TASK DIRECTIONS - Out of the records below, copy all lines in which the word "Building" occurs.

SUPPLIED MATERIAL -
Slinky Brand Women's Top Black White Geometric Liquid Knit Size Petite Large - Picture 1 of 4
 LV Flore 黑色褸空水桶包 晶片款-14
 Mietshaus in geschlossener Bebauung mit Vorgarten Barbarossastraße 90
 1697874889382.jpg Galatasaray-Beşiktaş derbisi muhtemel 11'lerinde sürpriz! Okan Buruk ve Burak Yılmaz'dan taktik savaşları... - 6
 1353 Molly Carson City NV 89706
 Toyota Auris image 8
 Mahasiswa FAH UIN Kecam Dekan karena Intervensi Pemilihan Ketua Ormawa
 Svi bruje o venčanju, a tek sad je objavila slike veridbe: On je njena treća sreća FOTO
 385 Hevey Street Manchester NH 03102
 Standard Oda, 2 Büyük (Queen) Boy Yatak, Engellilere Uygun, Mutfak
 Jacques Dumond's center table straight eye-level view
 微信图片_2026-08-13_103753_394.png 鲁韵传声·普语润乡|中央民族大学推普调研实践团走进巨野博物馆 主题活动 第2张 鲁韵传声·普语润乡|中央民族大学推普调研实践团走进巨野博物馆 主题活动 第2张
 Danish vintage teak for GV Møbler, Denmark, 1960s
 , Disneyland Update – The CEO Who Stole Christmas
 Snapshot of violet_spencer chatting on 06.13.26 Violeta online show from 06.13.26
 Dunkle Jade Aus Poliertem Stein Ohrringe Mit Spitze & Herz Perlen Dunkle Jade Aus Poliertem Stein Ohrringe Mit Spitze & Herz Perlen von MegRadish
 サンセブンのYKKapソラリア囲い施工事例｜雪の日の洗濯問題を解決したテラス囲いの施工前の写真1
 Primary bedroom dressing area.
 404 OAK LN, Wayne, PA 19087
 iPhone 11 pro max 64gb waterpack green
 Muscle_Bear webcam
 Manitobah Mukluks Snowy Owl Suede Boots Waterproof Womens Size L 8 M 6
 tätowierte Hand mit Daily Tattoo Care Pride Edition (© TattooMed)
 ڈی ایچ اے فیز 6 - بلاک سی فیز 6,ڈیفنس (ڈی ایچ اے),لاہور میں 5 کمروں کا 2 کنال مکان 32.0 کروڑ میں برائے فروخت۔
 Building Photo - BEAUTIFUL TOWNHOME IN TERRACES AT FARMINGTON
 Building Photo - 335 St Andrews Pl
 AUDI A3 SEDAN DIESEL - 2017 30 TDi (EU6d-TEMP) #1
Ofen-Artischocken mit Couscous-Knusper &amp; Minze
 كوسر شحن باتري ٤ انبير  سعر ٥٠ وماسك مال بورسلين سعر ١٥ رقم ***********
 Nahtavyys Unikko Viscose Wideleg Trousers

RESPONSE FOR THIS EXERCISE -
 Building Photo - BEAUTIFUL TOWNHOME IN TERRACES AT FARMINGTON
 Building Photo - 335 St Andrews Pl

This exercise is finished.